Stored items
▼▼▼

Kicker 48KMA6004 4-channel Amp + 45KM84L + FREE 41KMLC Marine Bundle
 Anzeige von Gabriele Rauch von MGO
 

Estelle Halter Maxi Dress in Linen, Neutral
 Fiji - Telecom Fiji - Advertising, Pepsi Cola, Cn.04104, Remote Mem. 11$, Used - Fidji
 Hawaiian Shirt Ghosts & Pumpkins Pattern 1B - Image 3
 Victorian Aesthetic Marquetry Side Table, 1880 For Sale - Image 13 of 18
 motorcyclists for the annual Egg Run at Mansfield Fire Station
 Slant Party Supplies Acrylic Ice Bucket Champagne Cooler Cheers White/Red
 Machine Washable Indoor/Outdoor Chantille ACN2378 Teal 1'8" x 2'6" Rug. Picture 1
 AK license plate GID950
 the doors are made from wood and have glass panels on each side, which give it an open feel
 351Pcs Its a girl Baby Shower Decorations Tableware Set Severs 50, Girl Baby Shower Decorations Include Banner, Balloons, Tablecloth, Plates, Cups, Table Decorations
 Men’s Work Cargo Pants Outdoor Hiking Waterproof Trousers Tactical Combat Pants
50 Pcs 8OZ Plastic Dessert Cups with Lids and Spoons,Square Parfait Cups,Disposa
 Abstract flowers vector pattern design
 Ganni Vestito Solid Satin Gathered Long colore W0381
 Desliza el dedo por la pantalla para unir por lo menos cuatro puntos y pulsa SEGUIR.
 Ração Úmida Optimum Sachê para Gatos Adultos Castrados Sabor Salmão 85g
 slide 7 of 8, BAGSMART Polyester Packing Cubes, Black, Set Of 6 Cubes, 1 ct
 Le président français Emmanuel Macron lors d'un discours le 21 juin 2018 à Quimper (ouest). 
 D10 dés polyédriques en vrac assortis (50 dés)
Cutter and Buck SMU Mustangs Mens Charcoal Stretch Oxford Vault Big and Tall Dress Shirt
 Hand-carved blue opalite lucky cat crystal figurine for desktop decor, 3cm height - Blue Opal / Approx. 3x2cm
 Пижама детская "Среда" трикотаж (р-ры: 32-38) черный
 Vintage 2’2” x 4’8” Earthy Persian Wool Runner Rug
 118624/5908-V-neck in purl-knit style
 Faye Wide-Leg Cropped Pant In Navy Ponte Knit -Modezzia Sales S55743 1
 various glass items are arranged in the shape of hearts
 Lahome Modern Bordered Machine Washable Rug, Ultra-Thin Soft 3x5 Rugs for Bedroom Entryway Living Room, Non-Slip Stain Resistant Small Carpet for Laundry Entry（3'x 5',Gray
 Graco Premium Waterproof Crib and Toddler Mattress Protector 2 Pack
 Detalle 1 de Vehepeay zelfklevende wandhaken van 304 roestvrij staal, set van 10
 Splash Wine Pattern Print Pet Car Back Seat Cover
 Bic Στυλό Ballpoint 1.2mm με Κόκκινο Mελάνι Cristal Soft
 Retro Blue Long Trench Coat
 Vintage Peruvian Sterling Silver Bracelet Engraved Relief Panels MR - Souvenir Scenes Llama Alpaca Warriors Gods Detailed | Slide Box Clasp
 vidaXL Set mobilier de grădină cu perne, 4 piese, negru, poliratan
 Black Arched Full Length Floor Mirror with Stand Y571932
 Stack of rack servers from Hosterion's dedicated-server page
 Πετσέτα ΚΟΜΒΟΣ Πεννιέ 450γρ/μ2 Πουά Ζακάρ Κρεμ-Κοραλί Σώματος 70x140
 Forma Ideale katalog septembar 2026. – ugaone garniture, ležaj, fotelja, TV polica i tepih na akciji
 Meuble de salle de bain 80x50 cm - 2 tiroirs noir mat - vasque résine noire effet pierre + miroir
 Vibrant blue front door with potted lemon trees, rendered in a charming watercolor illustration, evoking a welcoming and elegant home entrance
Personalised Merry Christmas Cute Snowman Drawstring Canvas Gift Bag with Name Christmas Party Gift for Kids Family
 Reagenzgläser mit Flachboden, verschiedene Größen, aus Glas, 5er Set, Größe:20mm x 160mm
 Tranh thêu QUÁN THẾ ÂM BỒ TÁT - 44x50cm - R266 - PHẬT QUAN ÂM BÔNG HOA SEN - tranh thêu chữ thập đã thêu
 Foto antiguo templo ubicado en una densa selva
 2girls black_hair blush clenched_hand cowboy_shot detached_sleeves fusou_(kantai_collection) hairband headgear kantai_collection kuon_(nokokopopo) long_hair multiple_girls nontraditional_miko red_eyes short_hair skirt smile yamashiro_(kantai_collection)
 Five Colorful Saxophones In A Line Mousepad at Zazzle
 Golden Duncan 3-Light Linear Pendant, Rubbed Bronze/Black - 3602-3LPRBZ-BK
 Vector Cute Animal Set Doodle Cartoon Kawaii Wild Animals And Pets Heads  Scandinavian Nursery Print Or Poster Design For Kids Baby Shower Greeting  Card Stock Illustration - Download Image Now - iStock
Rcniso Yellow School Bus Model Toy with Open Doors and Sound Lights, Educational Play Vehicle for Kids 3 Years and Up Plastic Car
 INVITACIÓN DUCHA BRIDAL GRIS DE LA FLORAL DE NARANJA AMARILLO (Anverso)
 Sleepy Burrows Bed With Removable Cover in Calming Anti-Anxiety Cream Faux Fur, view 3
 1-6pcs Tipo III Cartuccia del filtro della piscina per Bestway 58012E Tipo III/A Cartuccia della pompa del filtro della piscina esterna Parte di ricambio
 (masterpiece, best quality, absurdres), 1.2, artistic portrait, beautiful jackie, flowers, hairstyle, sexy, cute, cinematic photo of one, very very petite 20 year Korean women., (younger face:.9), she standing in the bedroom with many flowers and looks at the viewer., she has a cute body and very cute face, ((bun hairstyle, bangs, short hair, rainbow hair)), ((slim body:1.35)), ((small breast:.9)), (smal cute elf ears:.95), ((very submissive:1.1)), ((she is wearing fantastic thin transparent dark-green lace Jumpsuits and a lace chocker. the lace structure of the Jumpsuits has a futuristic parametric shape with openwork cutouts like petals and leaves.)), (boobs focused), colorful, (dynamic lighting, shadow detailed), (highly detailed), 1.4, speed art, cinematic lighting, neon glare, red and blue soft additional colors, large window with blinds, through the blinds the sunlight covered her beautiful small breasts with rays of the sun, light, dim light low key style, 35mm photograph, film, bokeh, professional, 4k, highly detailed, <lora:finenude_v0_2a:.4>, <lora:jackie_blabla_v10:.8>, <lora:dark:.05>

▲▲▲

Exercise – Of the lines above, extract only those from the line with "Men’s Work Cargo" to the line with "Hand-carved blue opalite", both included, exactly as written.

Answer to the problem –
 Men’s Work Cargo Pants Outdoor Hiking Waterproof Trousers Tactical Combat Pants
50 Pcs 8OZ Plastic Dessert Cups with Lids and Spoons,Square Parfait Cups,Disposa
 Abstract flowers vector pattern design
 Ganni Vestito Solid Satin Gathered Long colore W0381
 Desliza el dedo por la pantalla para unir por lo menos cuatro puntos y pulsa SEGUIR.
 Ração Úmida Optimum Sachê para Gatos Adultos Castrados Sabor Salmão 85g
 slide 7 of 8, BAGSMART Polyester Packing Cubes, Black, Set Of 6 Cubes, 1 ct
 Le président français Emmanuel Macron lors d'un discours le 21 juin 2018 à Quimper (ouest). 
 D10 dés polyédriques en vrac assortis (50 dés)
Cutter and Buck SMU Mustangs Mens Charcoal Stretch Oxford Vault Big and Tall Dress Shirt
 Hand-carved blue opalite lucky cat crystal figurine for desktop decor, 3cm height - Blue Opal / Approx. 3x2cm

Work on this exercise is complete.